「第三十八章」「日菜乃は歩き始めた(1)」
翌日から、杏樹は日菜乃の為に動き出した。
田村や露草の意見を聞きつつ、日菜乃の予定表を作成した。
つめつめだった教習所の予定は夏休み最終日までに、普通二輪免許を取れる予定に変更した。

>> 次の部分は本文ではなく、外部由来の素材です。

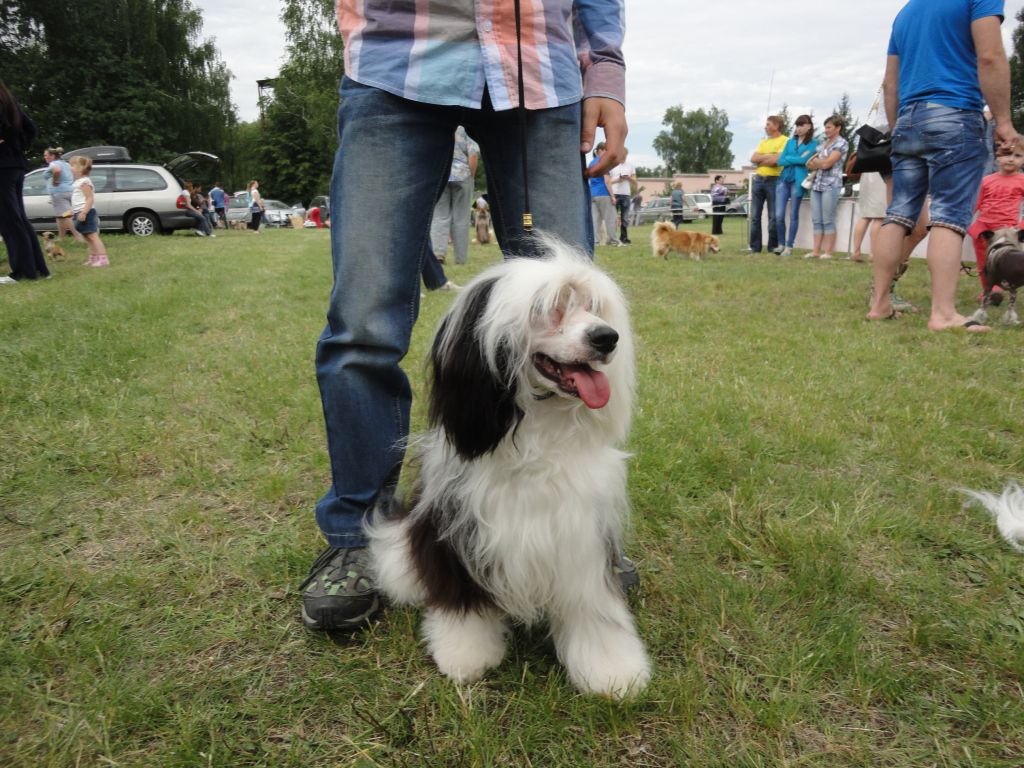 Tekila La'Diva Bonus Westtai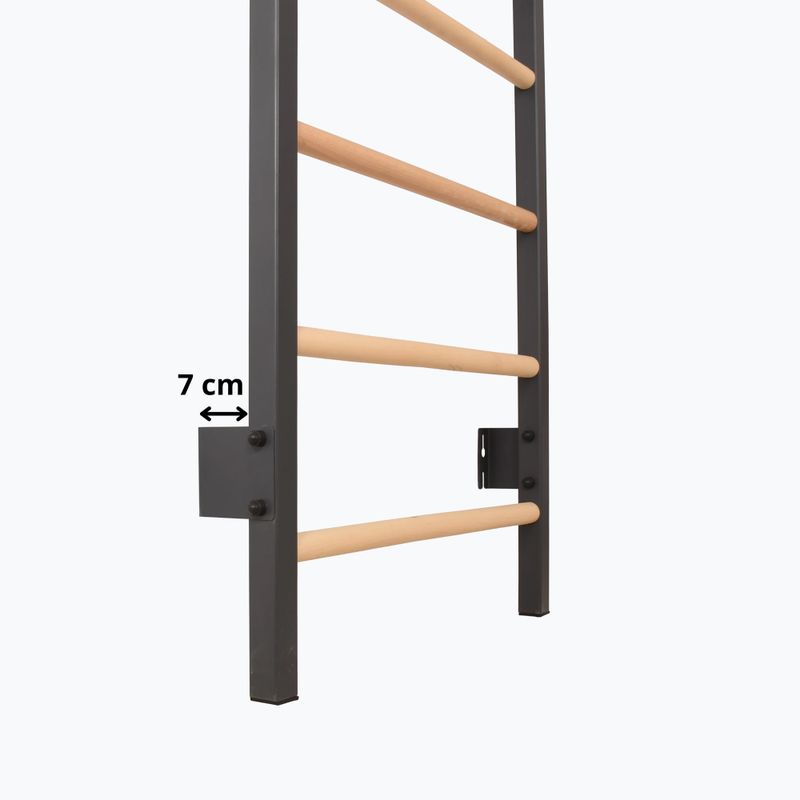 Gymnastics ladder RINAGYM Steel Pure graphit 13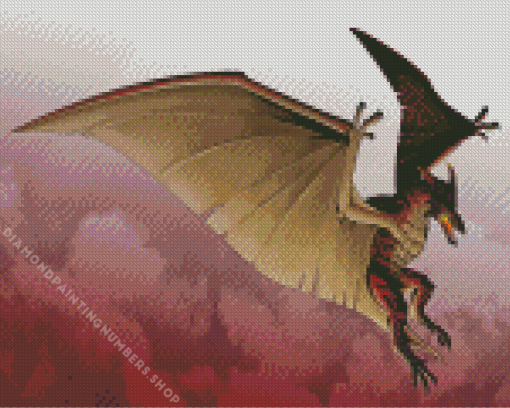 Rodan Diamond by numbers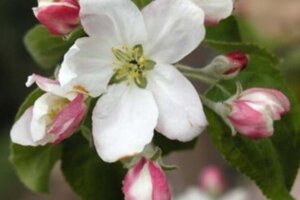 Malus d. 'Granny Smith' 8-10 Halfstam wortelgoed - afbeelding 2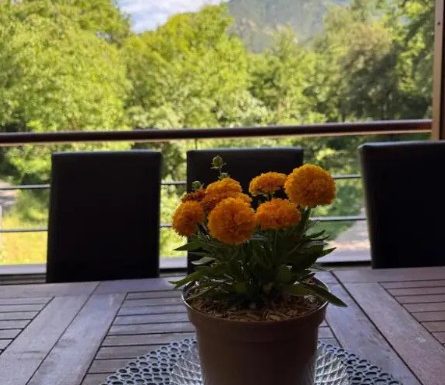 GÎTE AUBERGE DU CANIGO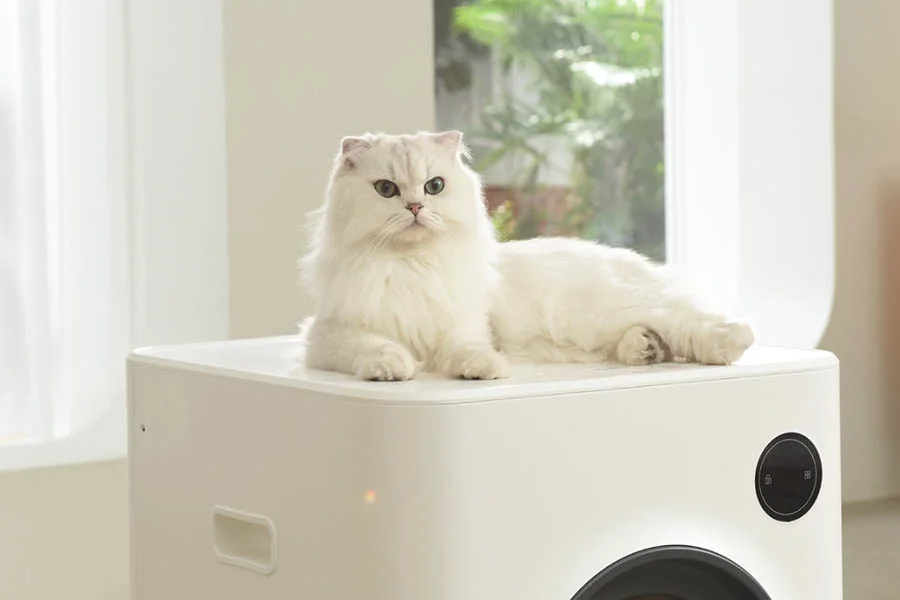 automatic cat box reviews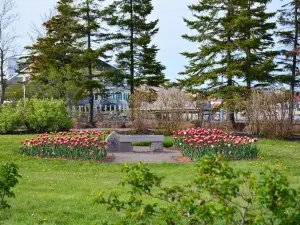 Confederation Landing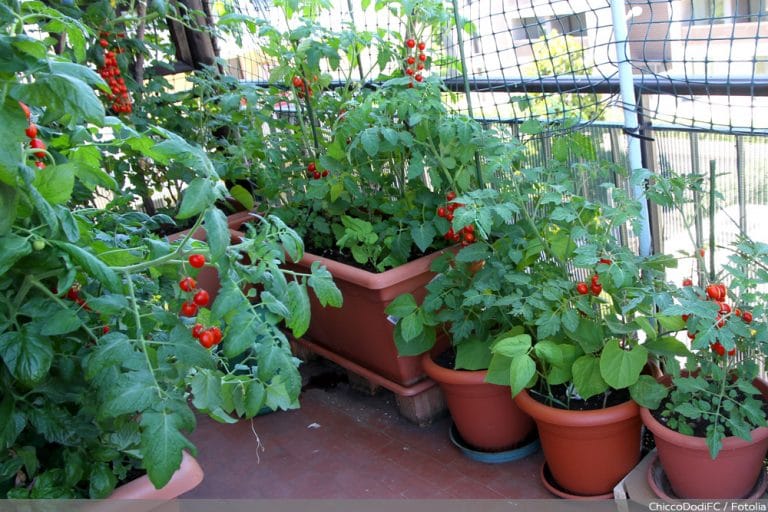 Idealer Standort für Tomaten Sonne oder Schatten für Tomatenpflanzen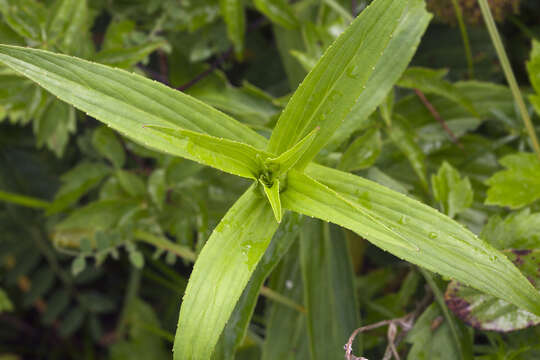 Image of Arnica sachalinensis (Regel) A. Gray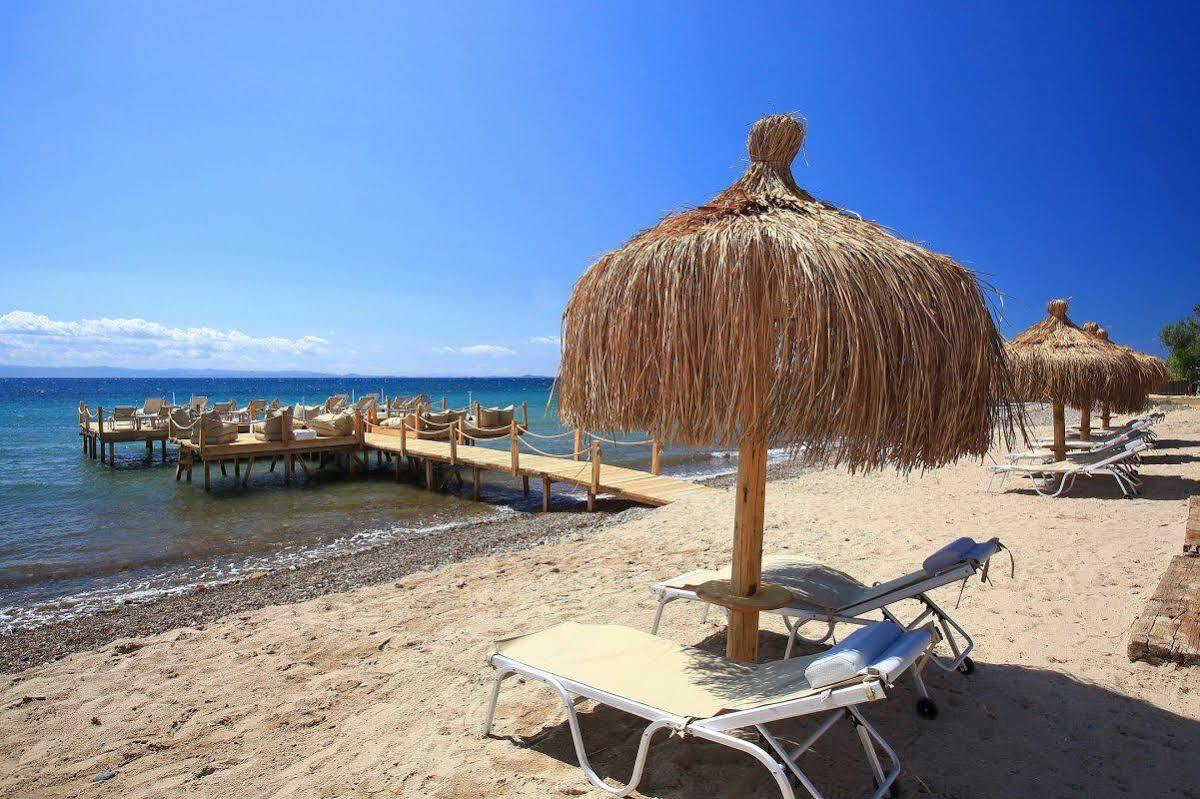 Esida Hotel 3*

大型二輪免許は、夏休みが開けて、最初の試験期間が終わった後に予定を入れた。
「どうかしら。」
少し得意げに、杏樹は日菜乃の部屋までわざわざ来て、その予定表を見せた。
「ありがとう。」
その得意げな顔が子供みたいで、日菜乃は少し笑ってしまった。
「それともう一つ。」
「なに?」
「夏休みの課題、全然終わっていないんでしょう。」
「半分はやっているわ。」
自分も努力していたことを主張したくて日菜乃はそう言った。
「私も結構今回の件で課題は進んでいないの。一緒にやりませんか?」
「え?学校が違うのに?」
「一人で黙々とやるのが好きなら、無理にお誘いはしませんけど。」
一緒に課題をやろうなんて言い出したのは、叶恋以来で日菜乃は戸惑った。
最も、叶恋の場合は写させて欲しくて来ていただけであるが。
「いいけど、どこで?」
そうですわね~という顔で、杏樹は人差し指を頬に当てて考えた。
図書館は最適だが、夏休みのこの時期はどこも学生で一杯だろう。
かといって、ファミレスは五月蝿いし、喫茶店は長居すると申し訳ない。
静かで、勉強できる環境があって、誰にも文句を言われなくて、二人の距離が同じくらいのところ・・・・。
暫くの沈黙の後、杏樹はパンと手を叩いた。
「教習所よ!」
日菜乃は目を丸くした。
その様子にも構わず、杏樹は続けた。
「貴方も私も、送迎バスを使えばたいして歩かなくても行ける場所だし、お金もかからない。おまけに、空いている教室は一つはあるはずよ。冷暖房完備で、自販機やパンの販売機もあって、勉強してる人が多いから自習室も静かだし、休憩室もレディースルームもあるわ。ウチの教習所は託児所もあるのよ。ま~でも日菜乃は子供は居ないわよね。」
「い、居るわけ無いでしょ!」
「これで確定ね。」
杏樹は自分のアイデアに大満足のようで、何度も頷いていた。
「教習外のことで送迎バスや、教室使っていいの?」
「そこはほら、こう見えてもオーナーの娘なんだから、話を通すのは簡単よ。」
杏樹は胸を叩いた。
「そか・・・・うん・・・・。そうする。」
最初は驚いた提案だったが、改めて考えると助かる話だった。
自宅で一人で勉強などしても、おそらく、色んなことが思い出されて頭になど入らないだろう。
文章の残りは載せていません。